I was also a bookworm who became interested in Wright because I had discovered Eliot, Pound and Edwin Arlington Robinson at Tuskegee. It’s interesting that no one says that I was influenced by Langston Hughes, whose work was taught in my grade school and whom I knew longer than I did Wright. I don’t think that Wright appreciated the background that I brought to his discussion of creative writing because frequently he seemed to assume that I was totally ignorant of the works under discussion. But, I didn’t argue with him. He possessed the certainty that came from having an organized body of ideas, and he could write—so having confidence in my own ability to think, I listened to him and kept my disagreements to myself.
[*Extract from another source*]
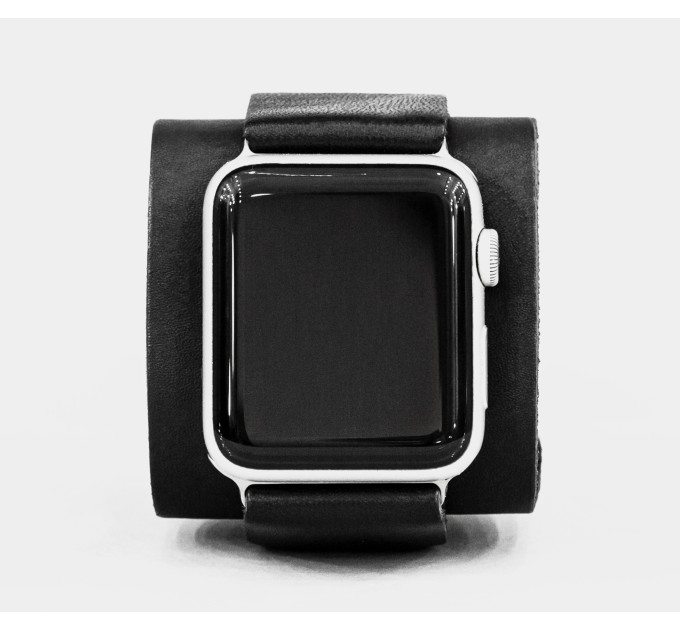 Leather cuff band compatible with Apple watch 38mm 40mm 41mm 42mm 44mm 45mm 49mm, Handmade UA code 1235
People are still arguing over what I’ve said or haven’t said about Wright as though I have no right to disagree with him. But, they forget that I wrote some of the most appreciative criticism of him that’s ever been published. Wright and I were friends, but I quit showing him any of my fiction in 1940 after I was unable to get his reaction to a novelette. Finally, I pressed him for an opinion and he became very emotional about it and said, “Well, this is my stuff.” You might say that wish that he influenced me not to be influenced by his style of writing. . . . he was living on 140th Street, across from City College; I was living on Hamilton Terrace.

Chester Himes mentioned the incident during a television interview … with Nikki Giovanni … I find the assumption that no Negro can do anything unless another Negro had done so before him rather simple-minded, and as far as I’m concerned, it’s an inverted form of racism. An artist can’t do a damn thing about his relatives, but he can sure as hell choose his artistic ancestors. I had read Mark Twain and Hemingway, among others, long before I even heard of Wright. . . .
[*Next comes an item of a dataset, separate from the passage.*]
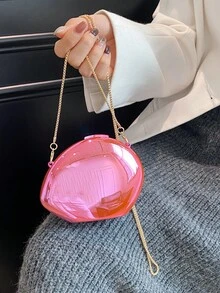 闪亮金属金色亚克力贝壳手拿包，蛋形晚宴包，婚礼单肩/斜挎包，钱包 - 彩色 - 查看 12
He [Himes] might have seen part of it [a first draft of Invisible Man], but I doubt if I showed him the whole thing. I rewrote so continuously that one draft blended into the other. But, Chester and I were friends. My wife and I knew him and his first wife, Jean, rather well, but I didn’t show my manuscript around; the 1940 incident with Wright had made me leery. I was close to Wright, but I quit showing him my fiction because I had no desire to offend him. I accepted the fact that our sensibilities were different, as were our feelings for style. But, I held no antagonism toward him.

Questions of style and influence aside, we still had a broad basis for a relationship. I admired and respected him,. And we remained friendly. During the Fifties whenever I was in Paris, I visited him, and whenever he returned to New York, he got in touch with me.